Hon. Sarah Carroll, Chair
The NYC Landmarks Preservation Commission
1 Centre Street, 9th Floor
New York, NY 10007 

Re: Support for listing of the McGraw-Hill Building Lobby, 330 West 42nd street, NYC. 

Dear Ms. Carroll: 

The Society of Architectural Historians (SAH) strongly supports the designation of the lobby of the McGraw-Hill Building, 300 West 43nd Street, NYC. 

The McGraw-Hill Building was designed by Raymond Hood with J. André Foulihoux. Since its completion in 1931, the building has been recognized as a landmark of American architecture. Henry-Russell Hitchcock and Phillip Johnson included the McGraw-Hill Building in their Modern Architecture exhibit at the Museum of Modern Art in 1932, just a year after the building was completed. In the exhibit catalog, Modern Architecture: International Exhibition, they argued “Hood’s latest important work, the McGraw-Hill Building … marks a significant turning point in skyscraper design. It is the first tall commercial structure consciously horizontal in design executed in a building by an architect since Sullivan’s Schlesinger-Mayer Building in Chicago built in 1903” (p. 131). 

The 35-story building integrated a printing plant (including packing and shipping facilities) on the lowest floors, product warehousing above them, followed by production offices and executives in the crown of the building. The crown and the 42nd Street entrance received the most architectural ornament of any portion of the building. The top of the ground floor above the shop fronts is decorated with alternating light turquoise-green and dark blue-green metal enamel panels separated by bars of lacquered brass and tubular white chrome strips, which span all seven bays. On both sides of the entrance bay, these bands continue their rhythmic alternation of colors, bars, and tunes down to a black granite dado and turn the corners of the central entry bay, and continue into the lobby. Both the 1979 Landmarks Preservation Commission report and the 1989 National Register Nomination specifically identify the integrated first floor and lobby design as a character defining feature of the building. 

A previous renovation of the lobby in 1980 by Valerian Tybar and Jean-Francois Daigre, undertaken to accommodate the introduction of air conditioning, was done with careful respect for the existing lobby, carefully integrated necessary utilitarian features into a carefully design postmodern ceiling design, that both supports the existing design, while differentiating the new work.
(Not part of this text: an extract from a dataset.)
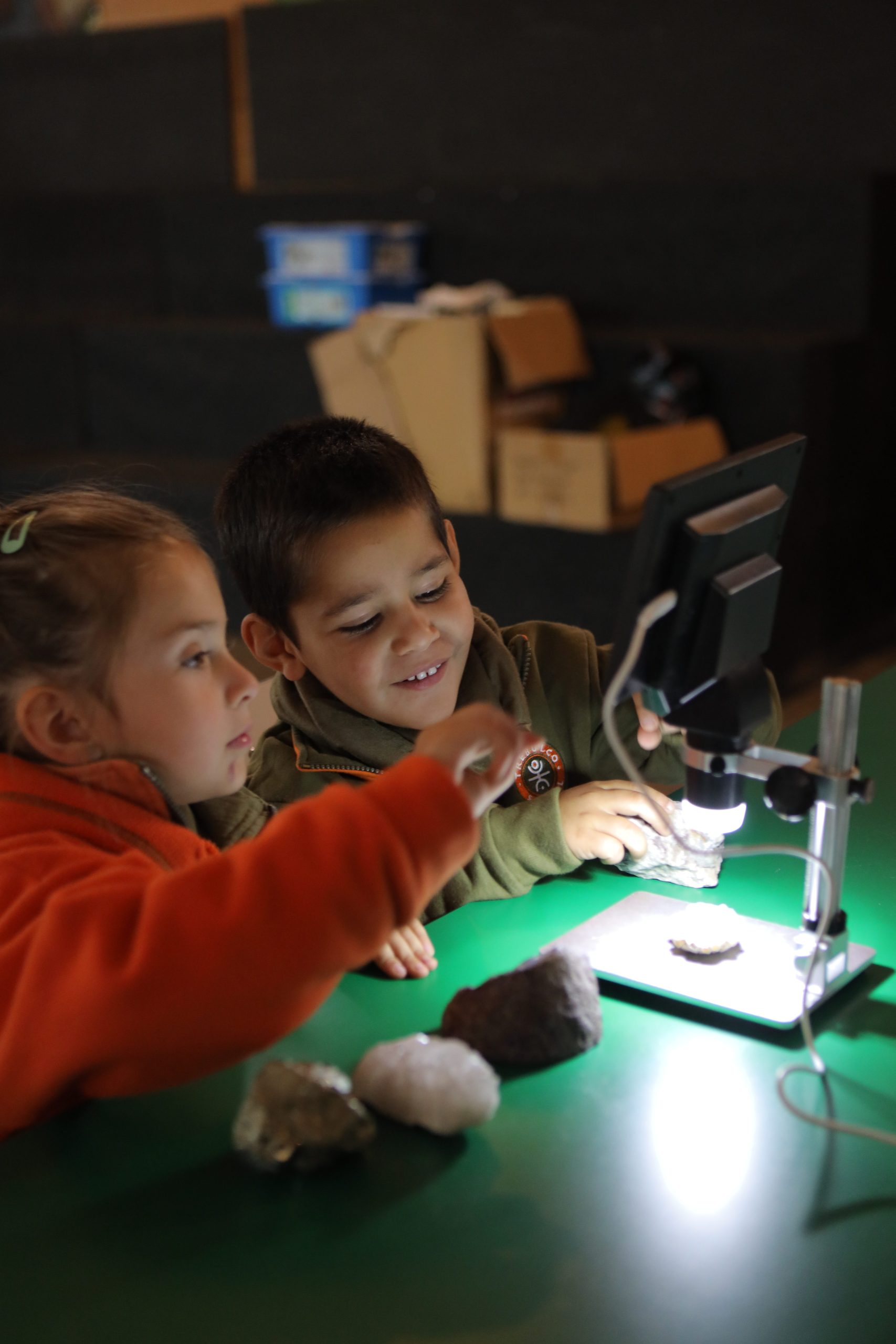 Niños observando una roca con un microscopio digital en una estación de Astro Ruta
This work is of such quality that it should also be included in the interior listing of the lobby. 

The Society of Architectural Historians (SAH) strongly supports the designation of the lobby of the McGraw- Hill Building, 300 West 43nd Street, NYC. 

Sincerely, 

Bryan Clark Green, Ph.D., LEED AP BD+C 

Chair, Society of Architectural Historians Heritage Conservation Committee 

cc: Mr. Kenneth Breisch, Ph.D.; Mr. Jeffrey Cody, Ph.D.; Mr. Anthony Cohn, AIA; Mr. David Fixler, FAIA; Ms. Priya Jain, AIA; Mr. Theodore H. Prudon, Ph.D., FAIA, Ms. Pauline Saliga; Ms. Deborah Slaton; Ms. Victoria Young, Ph.D.; Members, SAH Heritage Conservation Committee.